Расправа со мной задерживалась праздниками 7– 9 ноября. Уже все мои ожиданья ответа из Москвы истлели.

Это было 6 ноября. Мне позвонили из Университета, чтоб немедленно приехать. В каких чувствах я оставила больную и приехала, говорить не приходится. Меня встречают…предупредительно. Получена телеграмма из Москвы, подкрепленная телефоном, чтоб немедленно командировать меня на прием к Волину (зам. наркома просвещения) 10-го числа. Университет достает мне билет на «Красную стрелу» (экспресс). Ректор велит передать мне, чтоб я по приезде немедленно явилась к нему, вне очереди, лично.

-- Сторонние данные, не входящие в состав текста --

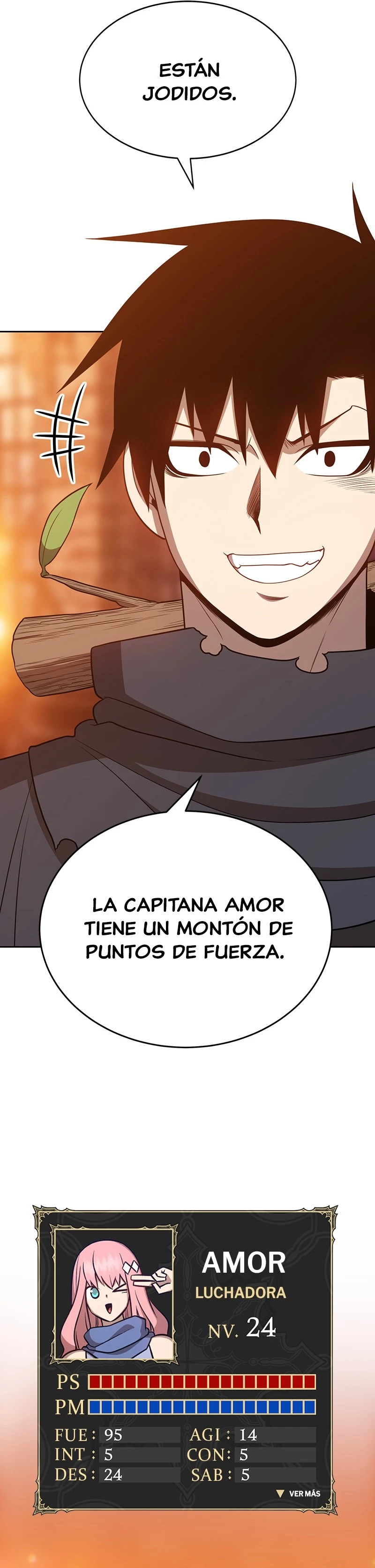 Palo De Madera - Capítulo 20 - Página 127 - LectorTMOo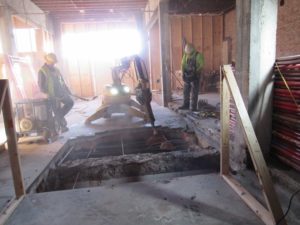 Concrete Removal Services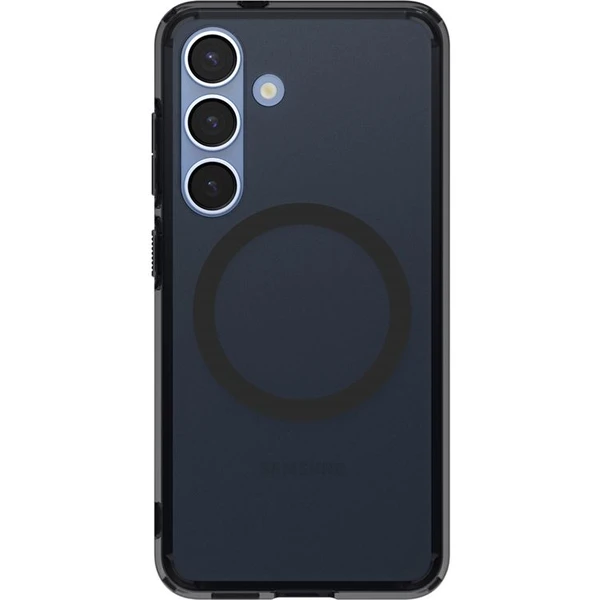 Spigen Ultra Hybrid MagSafe kryt Samsung Galaxy S25 čierny - Puzdra - Obrázok 4e3d9b253d4c4a76b89454766fb66c06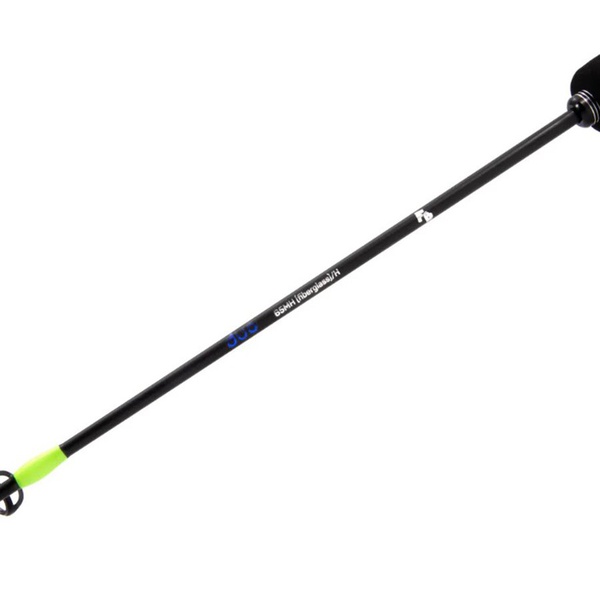 Удочка зимняя Frostbite Duo 65MH/H, штекерная, карбон+стеклопластик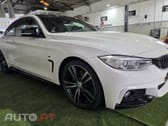 BMW 420 d Pack M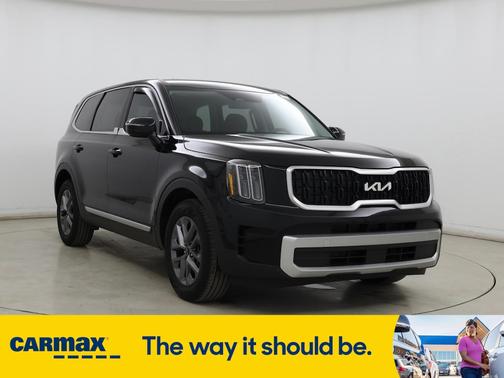 2023 Kia Telluride LX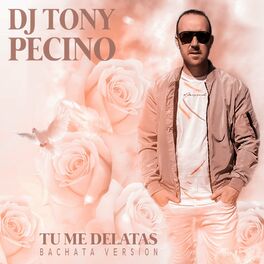 Album cover of Tu Me Delatas (Cover)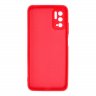 Силиконовый чехол Silicone Case для Xiaomi Redmi Note 10T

Уже звонок в наркомат показал, что меня ждет почет и ласка. Куда я ни шла, под моими ногами лежали розы.

Волин принимал меня свыше трех часов, отменив все приемы и дела.

Это был старый четырехугольный, коренастый человек с седыми взрыхленными копнами волос, с лицом и нравом Держиморды: заслуженный советский цензор. Я слышала, что Сталин хорошо к нему относился, так как он-де был воспитатель его детей.

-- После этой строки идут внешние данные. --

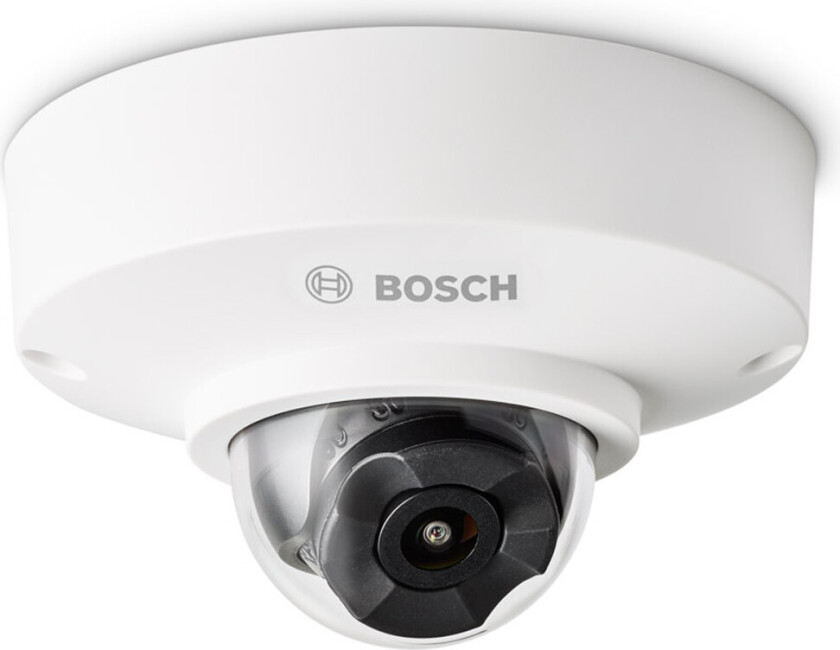NUV-3703-F02 Micro Dome Overvåkningskamera - 5MP, HDR, IP66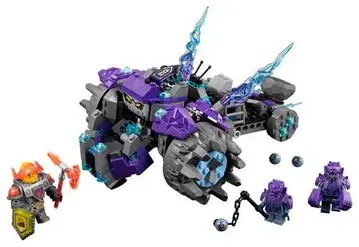 레고(LEGO) 넥스나이츠 브룬도 락 도저 70350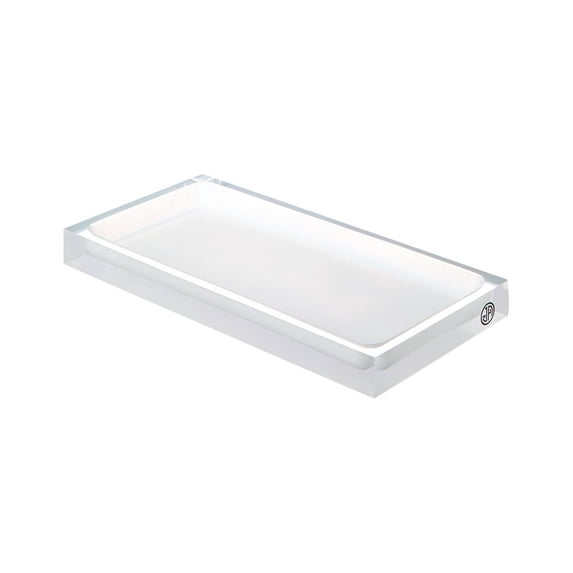 Jonathan Adler Hollywood Tray, White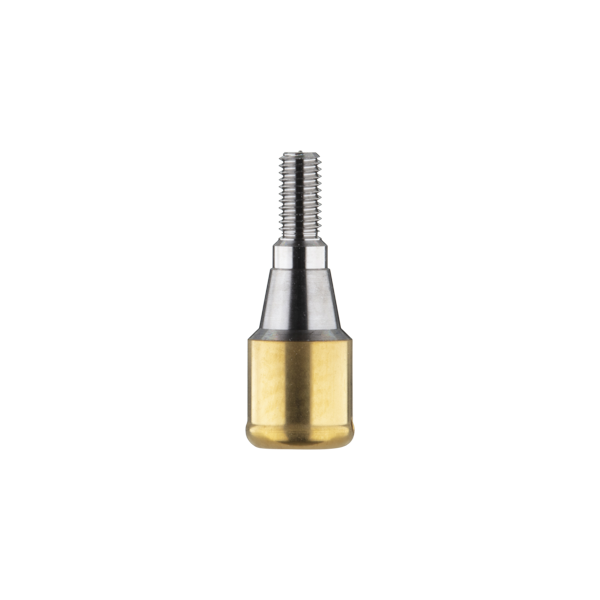 Locator abutment D = 5.3 mm GH = 5.0, (Cone Connection)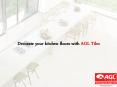 Decorate your kitchen floors with AGL Tiles PowerPoint PPT Presentation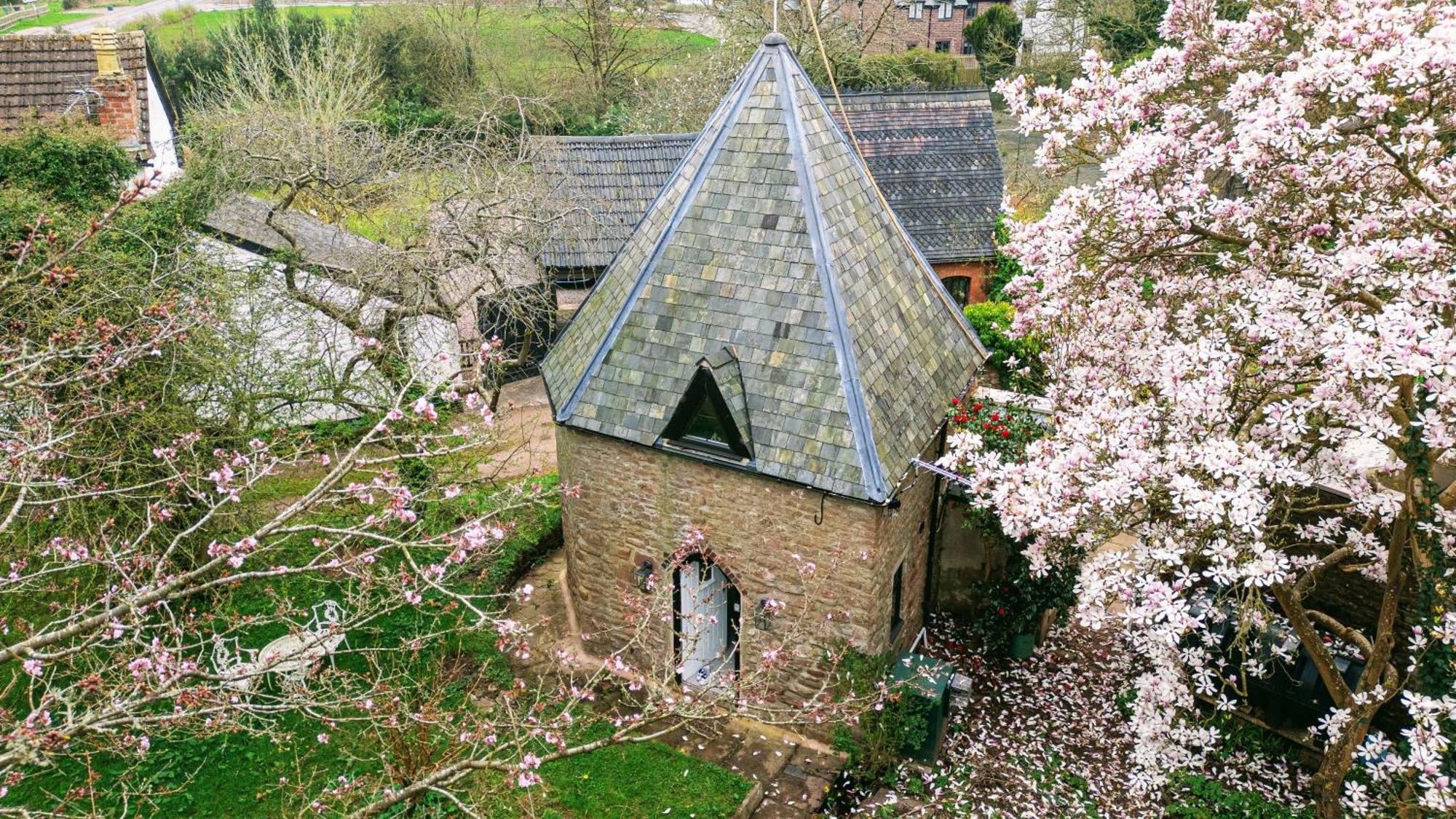 Fairy Cottage Lea Exterior foto
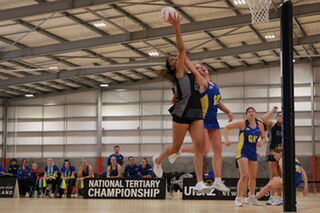 AUT Crowned Netball Champions at the 2025 Tertiary Championship
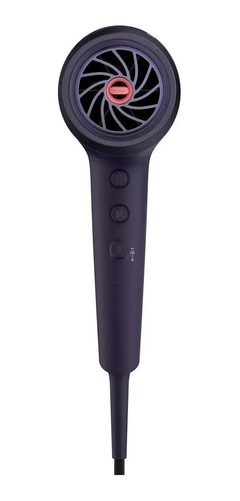 Secador De Pelo Philips Thermoshield Bhd514/00 Violeta 2300w - comprar online
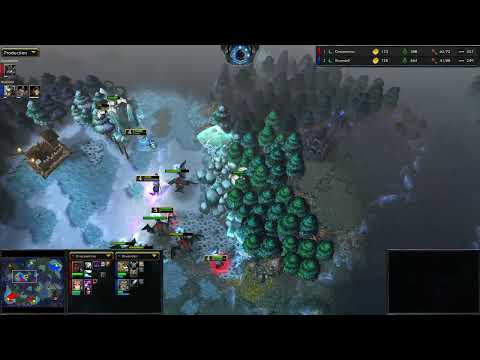 Rohirimm Cup 10 - Drotaverine v Rivendell. Dark Elves v Sartosa. Fleetmaster v Sharkmen of Stromfels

Он встретил меня по-стариковски, ласково: «Ну, что? обидели?» И дальше рассказал, что мое письмо к Сталину у него и что ему поручено разобрать это дело (позже я сообразила, что Сталин два месяца отдыхал, и письмо, по-видимому, ожидало его резолюции). Разумеется, старый цензор на сей раз не нашел в моей книге ничего предосудительного: у нас логика вставляется в мозги в механизированном виде и зависит не от объекта суждения, а от рук вставляющего. Он, оказывается, «изучил» мою книгу, но никаких расхождений с марксизмом не заметил. Лишь отечески бранил за непонятный язык и «ковырянье». Именно – отечески. <…>

На прощанье Волин мне сказал: – Никто не тронет вас больше. Если когда-либо кто-нибудь в чем-нибудь притеснит вас или захочет создать ограничения,  – пишите прямо ко мне. Вы имеете право свободно печататься и ничем не скомпрометированы.

В веселом расположении духа я провела вечер у Жени в обществе Бори и Шуры. Боря проводил меня на вокзал.

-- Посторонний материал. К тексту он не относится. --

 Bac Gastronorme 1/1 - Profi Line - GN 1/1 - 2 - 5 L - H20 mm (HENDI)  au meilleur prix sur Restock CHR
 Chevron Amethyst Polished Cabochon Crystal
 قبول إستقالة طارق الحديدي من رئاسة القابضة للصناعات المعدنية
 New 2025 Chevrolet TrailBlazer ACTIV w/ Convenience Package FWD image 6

В Ленинграде меня ждала совершенно новая обстановка, словно все старое было фата-моргана. Куда, откуда все было известно? По какому радио? Но разве по радио изменяется климат?

Все были ласковы. Мне улыбались. Ко мне свободно подходили и выражали сочувствие. Меня поздравляли.

В университете меня нетерпеливо ждал ректор. Он двумя руками пожимал мою руку.

–  Ну поздравляю! Поздравляю. Себя – прежде всего! Потом – вас!

H вдруг, сделав серьезное лицо, прибавил:

–  А, знаете, пока вы были в Москве, я еще раз перечитал вашу книгу, внимательней, глубже! И должен вам сказать, что ведь все понял! Представьте: я понял – и только тогда оценил.

Это было 13 ноября: день полной моей реабилитации, успокоенья и победы. А 14 ноября в тех же «Известиях» появилась грозная заметка, в которой говорилось примерно так, что терпенье у научной общественности лопнуло, что дирекция ЛИФЛИ не желает, видимо, понять значенья своего потворства мне, и потому теперь голос за судом общественности. Взвился вихрь. Зам. директора Морген говорил мне: «Что же это такое? Сигнал к травле?» В глазах ректора я оказывалась самозванцем. Трудно было переоценить значение заметки. Это был знак к началу моего растерзания, то есть созыва общественного собрания (всех работников науки), шельмования моей книги и меня – и волчьего паспорта.

Нужно было экстренно, в одни сутки, задушить и эту заметку. Она представляла собой корреспонденцию из Ленинграда, а потому показывала, что злые силы идут отсюда, а не из Москвы. Писал кто-то из работников ЛИФЛИ, от имени его «общественности».